The expected response is the complete listing below, restated exactly, with its pictures omitted.

▶ Recorded information

____________

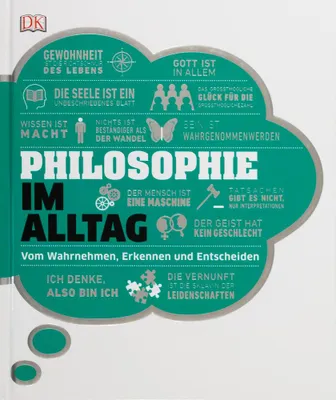 Productafbeelding van #dkinfografik. Philosophie im Alltag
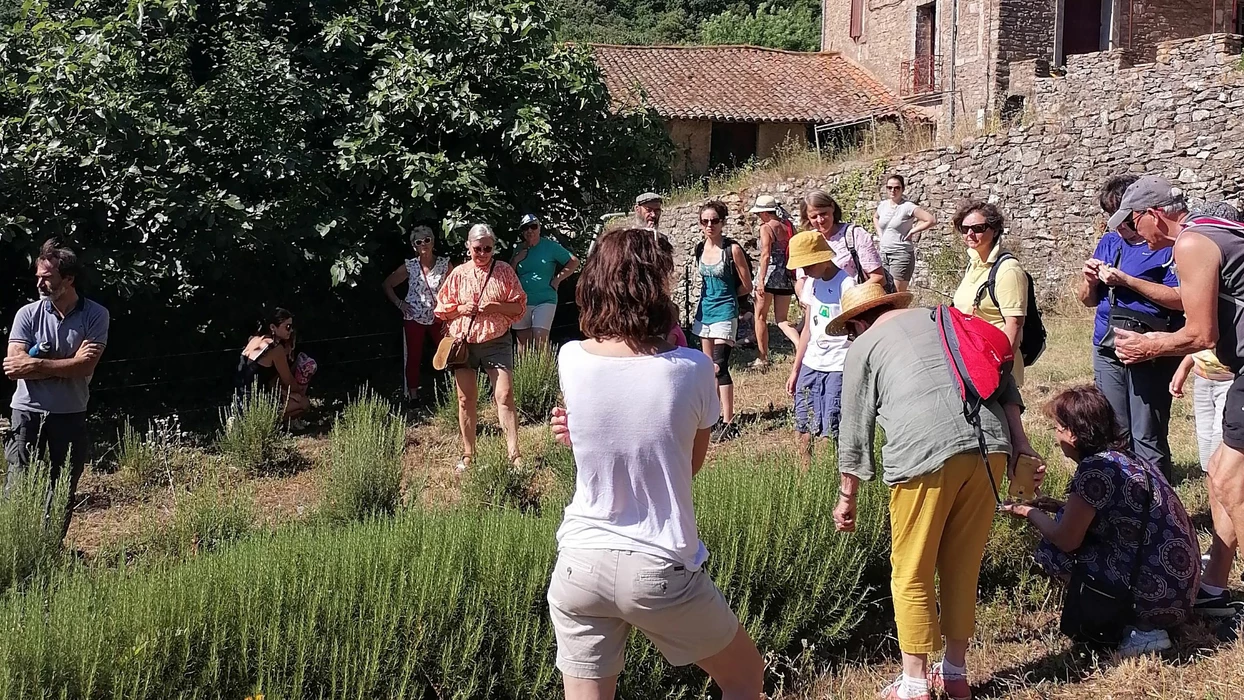 Visite : Domaine de Pouzes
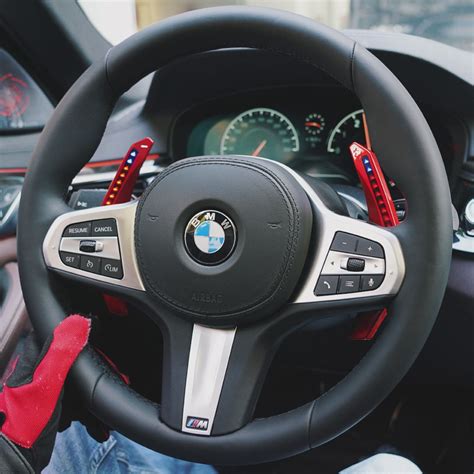 bmw  led paddle shifter ohc motors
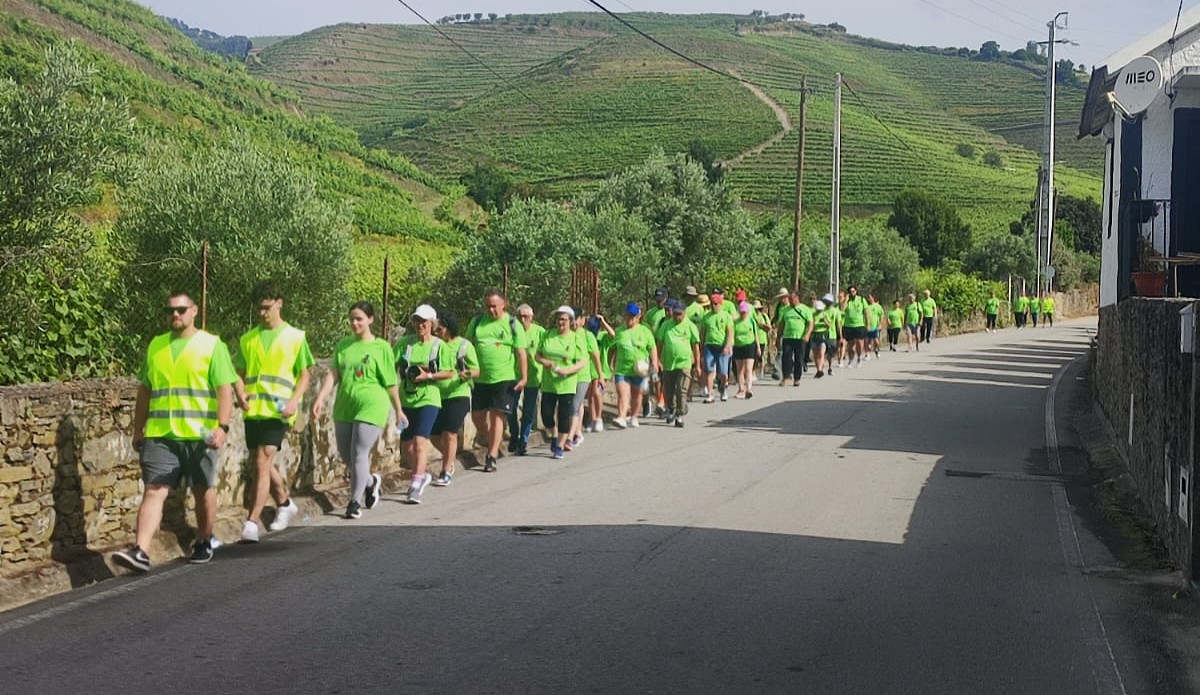 Wandeling levert Portugese Cardiologische Stichting zo’n 600 euro op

____________

▶ Task result
 Productafbeelding van #dkinfografik. Philosophie im Alltag
 Visite : Domaine de Pouzes
 bmw  led paddle shifter ohc motors
 Wandeling levert Portugese Cardiologische Stichting zo’n 600 euro op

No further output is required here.